FINANCIANDO RISCOS DE BIODIVERSIDADE: A EXPOSIÇÃO DE BANCOS BRASILEIROS AOS IMPACTOS À NATUREZA

Relatório do Banco Mundial indica que R$ 811 bilhões da carteira de crédito dos bancos brasileiros estão expostos a riscos relacionados a biodiversidade. Se consideramos que, para evitar a materialização desses riscos, será necessário fortalecer os mecanismos de proteção dos biomas brasileiros, R$ 664 bilhões estariam em risco já que seus beneficiários de crédito operam próximos a fronteiras de áreas prioritárias para biodiversidade. Nesse cenário, a consideração de aspectos do capital natural na avaliação de riscos de instituições financeiras se faz necessária, mirando, além da conservação do meio ambiente, a sustentabilidade econômica da sua atuação.

Em setembro deste ano ocorreu o Congresso Mundial da Natureza, contando com representantes de mais de 160 países. Nesta ocasião, uma vez mais o governo brasileiro foi pressionado a preservar a Amazônia e a biodiversidade do país. O desmatamento e as Mudanças climáticas ameaçam a biodiversidade global, mas, especialmente na Amazônia, essas ameaças podem reverberar em todo o mundo. Lar de cerca de 20% da biodiversidade global e com expressiva influência a regulação do clima mundial, o bioma amazônico vem sendo pressionado pela produção agropecuária e mineradora. De acordo com análise do Banco Mundial, em um cenário de manutenção das práticas atuais, o Brasil perderia 6,5 milhões de hectares de floresta nativa entre 2021 e 2030. Nos últimos 50 anos, 17% da floresta amazônica já foi perdida segundo avaliação da WWF e, uma perda adicional de 20% a 25% no bioma restante, faria com que chegássemos ao ponto de inflexão da Amazônia. Em outras palavras, chegaríamos a um ponto em que seria impossível revertermos os danos já causados e voltarmos ao estágio de conservação atual do bioma.

Dada a urgência do tema, em junho deste ano, foi lançado o escopo e o plano de ação da TNFD (Força-Tarefa para Reportes Financeiros Relacionados a Natureza, sigla em inglês). Esta iniciativa vem na esteira da sua irmã climática mais consolidada, a TCFD (Força-Tarefa para Reportes Financeiros Relacionados ao Clima, sigla em inglês), e surge da necessidade do setor financeiro de entender a quais riscos e oportunidades relacionados a natureza e biodiversidade estariam expostos, seja em seu portfólio de crédito ou de investimento.

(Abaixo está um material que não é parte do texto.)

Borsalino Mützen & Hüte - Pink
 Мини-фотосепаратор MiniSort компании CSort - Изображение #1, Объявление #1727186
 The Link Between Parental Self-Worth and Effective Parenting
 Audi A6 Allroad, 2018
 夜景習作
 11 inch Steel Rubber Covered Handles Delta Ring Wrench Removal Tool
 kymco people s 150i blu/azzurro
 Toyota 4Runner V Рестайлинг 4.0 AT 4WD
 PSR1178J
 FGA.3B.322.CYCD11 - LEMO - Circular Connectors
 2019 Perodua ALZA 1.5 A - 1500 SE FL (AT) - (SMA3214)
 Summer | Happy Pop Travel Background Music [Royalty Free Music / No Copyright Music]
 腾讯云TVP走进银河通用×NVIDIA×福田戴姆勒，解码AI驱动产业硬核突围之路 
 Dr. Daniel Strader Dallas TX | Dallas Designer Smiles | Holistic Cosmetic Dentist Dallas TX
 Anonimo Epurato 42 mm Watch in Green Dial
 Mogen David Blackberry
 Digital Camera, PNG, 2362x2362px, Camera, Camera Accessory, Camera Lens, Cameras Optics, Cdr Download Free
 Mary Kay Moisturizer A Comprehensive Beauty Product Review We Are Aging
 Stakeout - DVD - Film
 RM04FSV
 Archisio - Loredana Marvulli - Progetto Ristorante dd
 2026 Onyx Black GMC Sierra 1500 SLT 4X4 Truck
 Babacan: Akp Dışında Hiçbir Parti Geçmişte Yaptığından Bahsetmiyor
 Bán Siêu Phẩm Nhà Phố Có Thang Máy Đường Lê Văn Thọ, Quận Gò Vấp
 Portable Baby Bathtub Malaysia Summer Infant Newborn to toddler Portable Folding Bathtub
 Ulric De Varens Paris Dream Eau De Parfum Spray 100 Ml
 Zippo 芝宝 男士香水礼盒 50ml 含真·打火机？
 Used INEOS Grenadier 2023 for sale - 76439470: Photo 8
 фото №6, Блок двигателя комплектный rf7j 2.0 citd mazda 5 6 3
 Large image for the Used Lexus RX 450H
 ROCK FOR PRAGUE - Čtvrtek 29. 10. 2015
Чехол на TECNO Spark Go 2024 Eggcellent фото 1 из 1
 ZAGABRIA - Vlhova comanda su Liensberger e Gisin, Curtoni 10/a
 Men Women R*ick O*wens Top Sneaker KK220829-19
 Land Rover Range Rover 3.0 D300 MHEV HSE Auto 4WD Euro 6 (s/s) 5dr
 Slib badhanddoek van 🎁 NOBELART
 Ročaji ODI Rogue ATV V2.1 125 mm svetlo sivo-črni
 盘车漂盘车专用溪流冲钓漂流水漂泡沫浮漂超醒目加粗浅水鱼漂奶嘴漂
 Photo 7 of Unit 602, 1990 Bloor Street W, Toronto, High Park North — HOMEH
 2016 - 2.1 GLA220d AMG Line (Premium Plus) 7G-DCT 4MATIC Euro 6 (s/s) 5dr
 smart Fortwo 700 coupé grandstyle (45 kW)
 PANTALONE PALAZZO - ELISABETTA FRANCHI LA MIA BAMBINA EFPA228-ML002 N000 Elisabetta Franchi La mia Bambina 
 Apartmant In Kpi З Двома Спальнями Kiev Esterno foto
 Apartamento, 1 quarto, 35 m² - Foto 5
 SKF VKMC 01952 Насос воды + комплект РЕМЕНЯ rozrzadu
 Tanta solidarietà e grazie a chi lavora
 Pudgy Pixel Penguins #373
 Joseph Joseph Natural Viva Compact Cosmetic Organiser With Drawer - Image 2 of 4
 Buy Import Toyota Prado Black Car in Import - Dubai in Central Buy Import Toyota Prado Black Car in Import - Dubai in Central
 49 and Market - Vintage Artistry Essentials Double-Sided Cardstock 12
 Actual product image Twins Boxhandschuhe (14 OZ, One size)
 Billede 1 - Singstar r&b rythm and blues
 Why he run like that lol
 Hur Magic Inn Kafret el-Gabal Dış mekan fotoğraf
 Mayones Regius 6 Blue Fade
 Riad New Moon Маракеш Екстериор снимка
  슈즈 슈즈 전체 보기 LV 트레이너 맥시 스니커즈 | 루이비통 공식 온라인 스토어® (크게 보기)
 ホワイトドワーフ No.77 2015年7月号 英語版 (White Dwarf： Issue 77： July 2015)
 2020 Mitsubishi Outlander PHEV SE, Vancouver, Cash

Em um primeiro olhar sobre riscos relacionados a natureza do setor financeiro, é possível pensar que não há relação alguma. Contudo, olhando para fora dos muros das agências e escritórios de empresas do setor, surgem alertas sobre como estas organizações serão impactadas indiretamente, seja por conta de uma menor performance de companhias investidas ou pela reduzida capacidade de devedores honrarem com seus compromissos. Dessa forma, seguindo a taxonomia da TNFD, é importante entender que existem duas categorias de riscos relacionados a natureza: físico e de transição.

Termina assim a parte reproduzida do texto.